In the field of applied research and especially biotechnology, one of the key drivers is the realization of one’s work into a viable product with real world usability (the definition of which can vary depending upon their application). In this exponential era where this is constant emergence of disruptive technologies, product development and commercialization are key drivers in the evolution of a concept into a successful working prototype.
Dr Andy Kokaji, the Team lead and Senior Scientist at the cell separation and adaptive immunology R&D team at Stemcell Technologies delivered a talk on product development cycles citing examples with the launch of two major products among others.
The product development cycle can either be initiated by a technology push or a market pull. ‘Technology push’ occurs when there is a technology already available and the developers start looking for new avenues to apply the technology to enhance usability of the product. ‘Market pull’ occurs when there is a clear demand for a solution from the end customers and then based on these demands the product development life cycle begins with the conception of an idea, investigation on the hypothesis, creation of a proof of concept, creation of a working prototype, pilot testing, and production.

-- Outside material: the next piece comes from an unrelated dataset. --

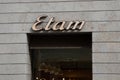 etam logo brand and text sign on wall facade shop entrance in city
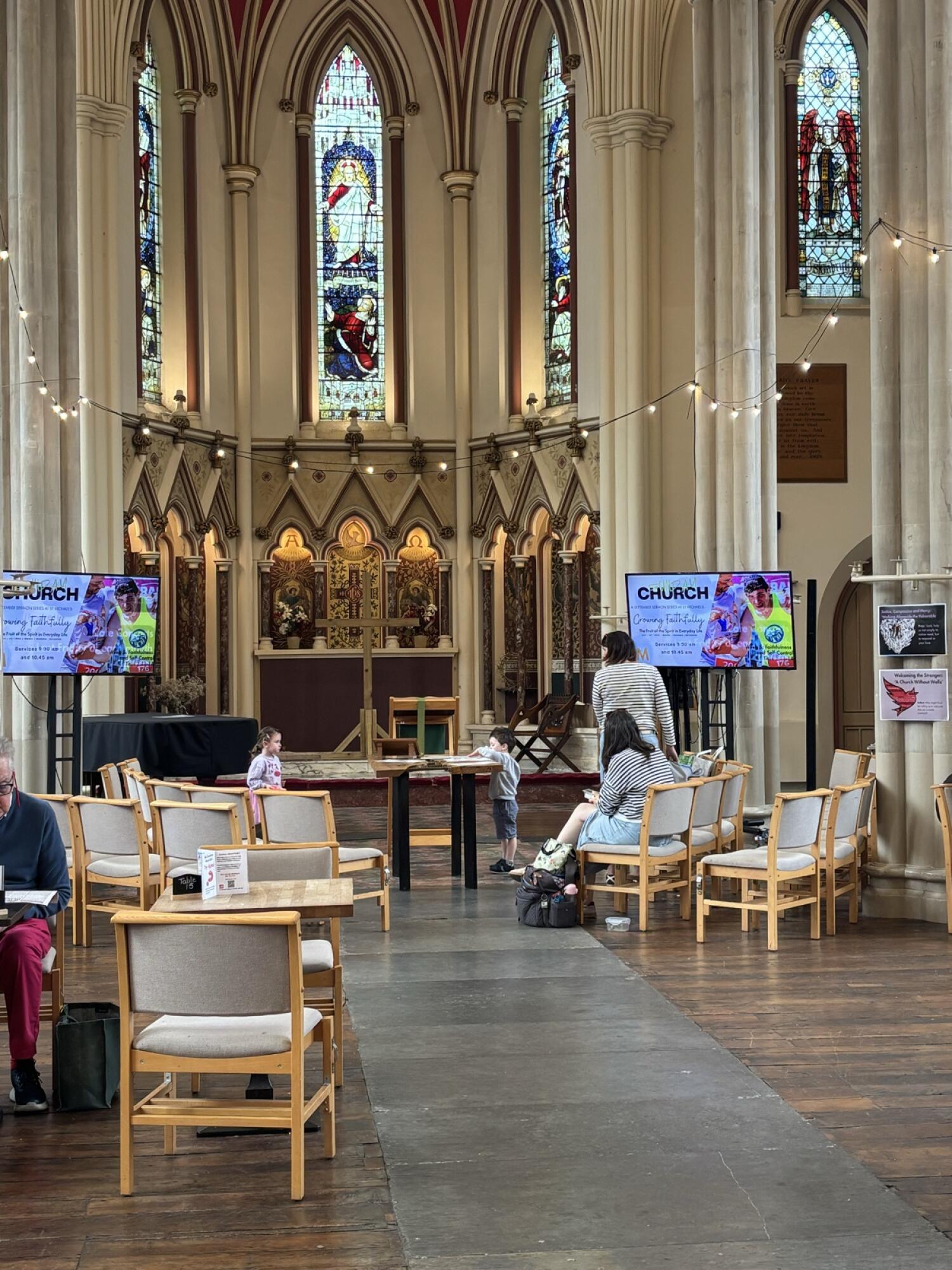 Tables and chairs along left. Stone path to altar centre. Chairs along right.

Each of these steps will have to be carried out by comparing with the available prior art and bench-marking your idea against it as the gold standard. He explained that the key steps in the product development are to clearly identify the need and reduce the uncertainty associated with licensing. The product by itself needs to be stable, scalable and most importantly simple and easy to use. He explained these concepts under the context of CAR-T cell therapy in cancer patients where patients’ own T cells are edited expanded and re-introduced to target and treat their cancers. Recent news on CAR-T cells can be found here. He explained the development of a proprietary method they use to streamline T cell research identify and isolate CAR-T cells using magnetic separation technology, further activate and expand them ex vivo ImmunocultTM.
The question and answer session was equally enriching as the talk. The audience were very interactive and they inquired and understood how these CAR-T solutions are being implemented, how far we are from the CAR-T therapies being implemented in clinics, and how long are the product development cycles. He explained that depending upon the nature of the product, the development life cycles are much shorter in cell reagent-based companies if one were to compare it to traditional pharmaceutical companies which deal with drug discovery processes.
In summary, it was an interesting and insightful talk where the various aspects of product development was explained with real product examples which put the whole process in perspective and gave the audience valuable tips to follow in their own research and development aspirations.